#### Records for the task ####

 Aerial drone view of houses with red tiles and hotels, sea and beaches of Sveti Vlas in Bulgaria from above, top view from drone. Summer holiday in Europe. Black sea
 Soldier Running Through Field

####
#### Records for the task ####

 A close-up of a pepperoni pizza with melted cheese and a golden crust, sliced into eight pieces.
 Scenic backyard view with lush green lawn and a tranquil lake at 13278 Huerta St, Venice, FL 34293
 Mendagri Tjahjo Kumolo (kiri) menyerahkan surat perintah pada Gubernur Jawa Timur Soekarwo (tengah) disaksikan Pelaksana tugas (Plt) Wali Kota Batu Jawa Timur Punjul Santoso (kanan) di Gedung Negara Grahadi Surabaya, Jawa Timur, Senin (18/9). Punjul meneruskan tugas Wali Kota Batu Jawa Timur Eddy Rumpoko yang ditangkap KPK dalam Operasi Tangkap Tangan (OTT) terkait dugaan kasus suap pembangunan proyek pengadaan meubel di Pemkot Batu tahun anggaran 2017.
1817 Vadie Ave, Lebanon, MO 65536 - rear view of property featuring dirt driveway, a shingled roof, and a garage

####

Repeat, exactly as they stand above, the lines from the line with "Aerial drone view" to the line with "Soldier Running Through Field", both lines included.

 Aerial drone view of houses with red tiles and hotels, sea and beaches of Sveti Vlas in Bulgaria from above, top view from drone. Summer holiday in Europe. Black sea
 Soldier Running Through Field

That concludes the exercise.